Are you ready for our latest installment of enthralling horror masterpieces?
Good, then we'll begin with Doug's well researched and passionate introduction to the authors and stories in this volume. This is closely followed by his literary majesty, Edgar Allen Poe, with the well known classic tale 'The Pit and the Pendulum', a visceral account of a mans torment in the prisons of Toledo, during the Spanish Inquisition.
Waking in a world of sensory deprivation and disorientation, Poe takes us through every spine chilling detail of terror as the prisoner seeks to evade his captors inventive attempts to end his life.

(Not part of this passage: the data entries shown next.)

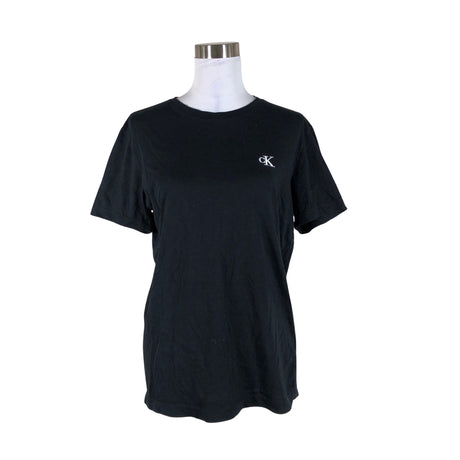 Naisten Calvin Klein Jeans - T-paita, koko 40 - Musta ()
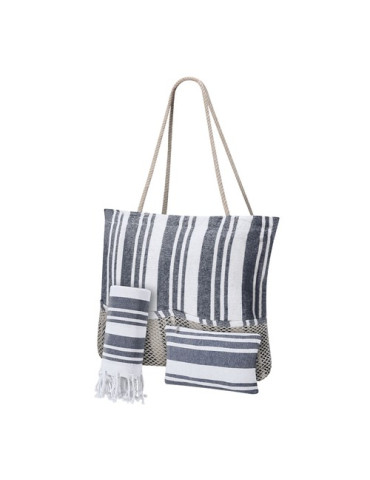 Set Bekoran Matières : coton Couleurs : bleu clair cadeau collaborateur premium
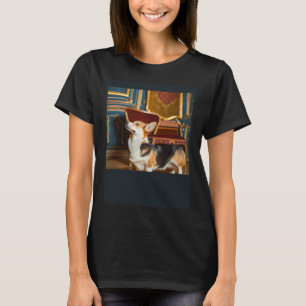 Königliche Hoheit Corgi-Porträt Hunde UK Pembroke T-Shirt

Catch your breath before an English storytelling legend, Rudyard Kipling's 'The Mark of the Beast'. Taking you along a mist bound trail for a soldiers tale of the British Empire stationed in colonial India. His yarn of Lycanthropy and men, civilized and uncivilized, and of course werewolves, will leave you in fear of walking the streets alone...
Now, we are proud to unveil our first guest reader, none other than the original, and in our terrified imaginations, the only, Mr Freddy Kreuger himself, Robert Englund.
His first Spinechiller reading mesmerizes as he brings us 'An Occurrence at Owl Creek Bridge', Ambrose Bierce's famous American Civil War tale. He paints a tantalizingly clear picture of a man's execution and his fantastical escape.
Next up is HP Lovecraft's 'The Rats in the Walls'. A wonderfully chilling story of a descendent's gruesome discovery of the true evil of his families ancestry. A mansion restored to its lost splendor reveals the horrifying secrets, discovered by a hunt for the scurrying rats in the walls.
Volume Six comes to a close with a poem by John Milton Hayes, inspired by the work of Kipling. 'The Green Eye of the Little Yellow God' is well known for its opening, and gives an overall feel of ironic justice.
So stoke those logs, dim the lights, sit back and relax as the masters of classic horror fill your imagination with tales conjured from beyond our mortal coil.
Fun collection ruined by lazy formatting
Bradley is a very pleasant reader and this collection of horror stories is a good collection from a wide array of authors. Sadly someone was too lazy to separate them out into different tracks, making it almost useless unless you are planning to listen to it in one go - a tall order considering the whole thing is over 3 hours long. The first story is one I don't particularly enjoy, but I find it tedious to skip ahead until I find the beginning of the next. The whole thing reminds me of the old cassette tapes and it was not an aspect I particularly missed! As a result I don't listen to this lot often, which is a shame. Really, why we have to return to the 1980s is beyond me.